▶ _Assigned task_:
Note the line containing "Toyota Yaris view 19"; from it through the last line below, give only those lines again, exactly, both ends included, skipping pictures.

▶ _Exercise data_:
#####

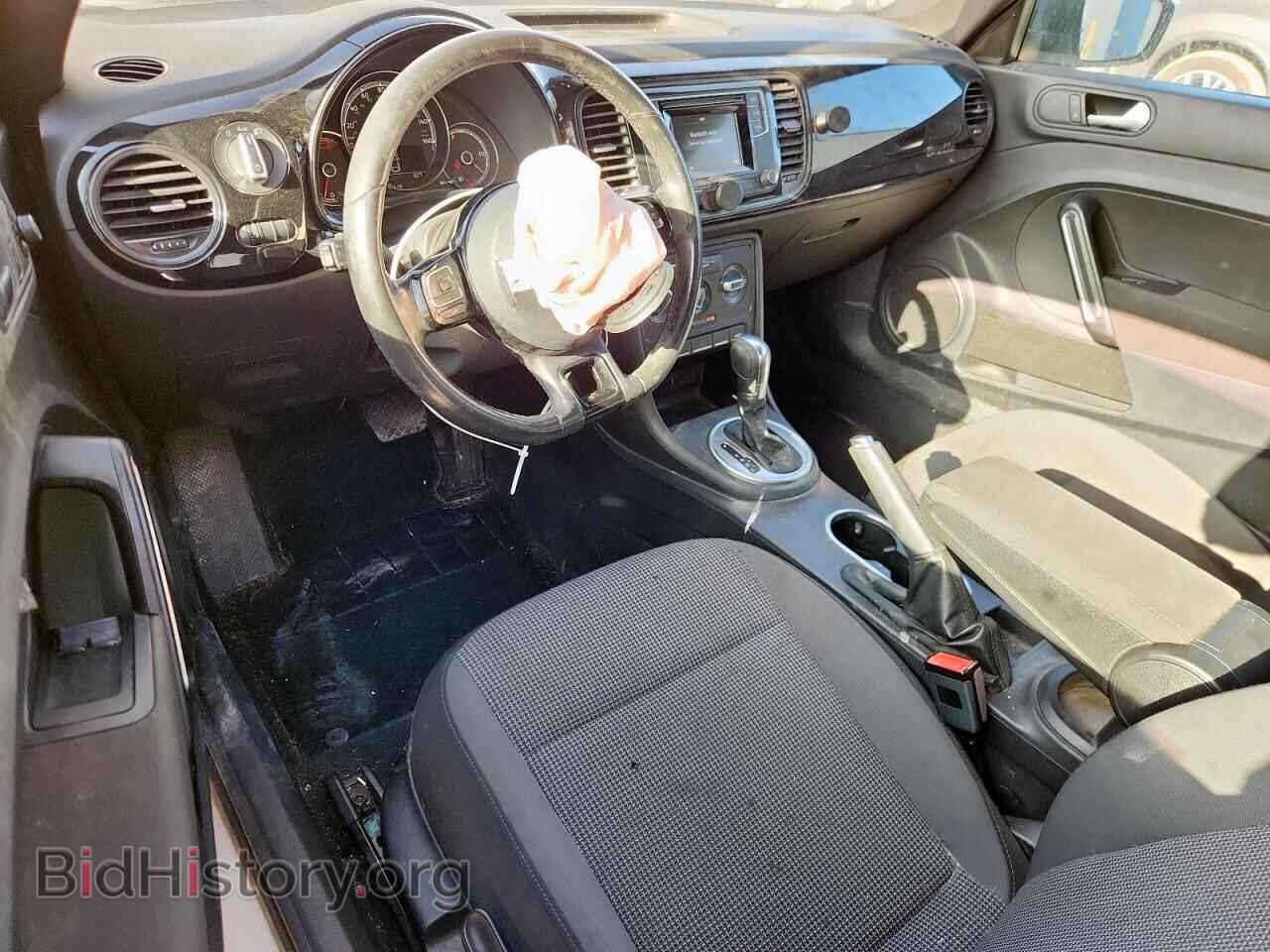 2017 VOLKSWAGEN BEETLE - VIN: 3VWF17AT2HM603577 - Фото 8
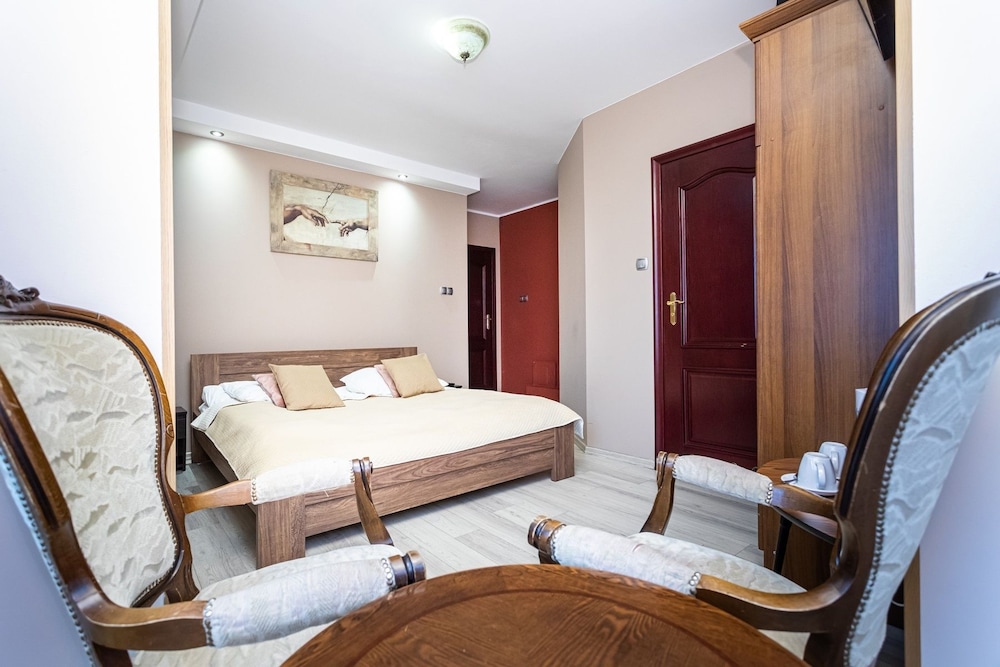 Standard, Twin Beds, Royal Residence 8/10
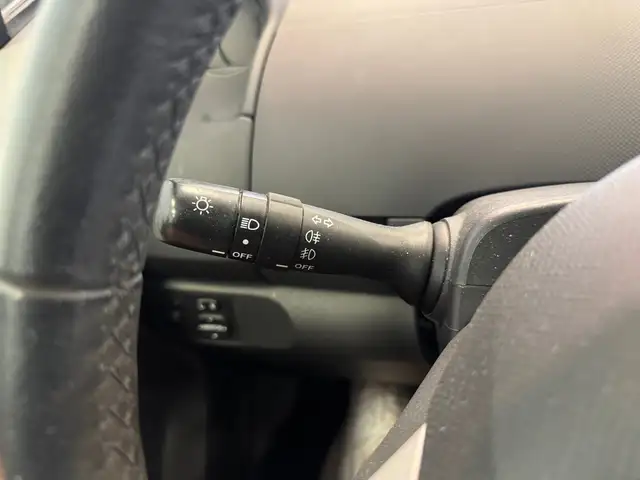 Toyota Yaris view 19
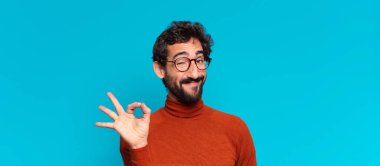 Genç, deli, sakallı adam. Mutlu ve şaşırmış bir ifade. boşluk konseptini kopyala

#####

▶ _Solution below_:
 Toyota Yaris view 19
 Genç, deli, sakallı adam. Mutlu ve şaşırmış bir ifade. boşluk konseptini kopyala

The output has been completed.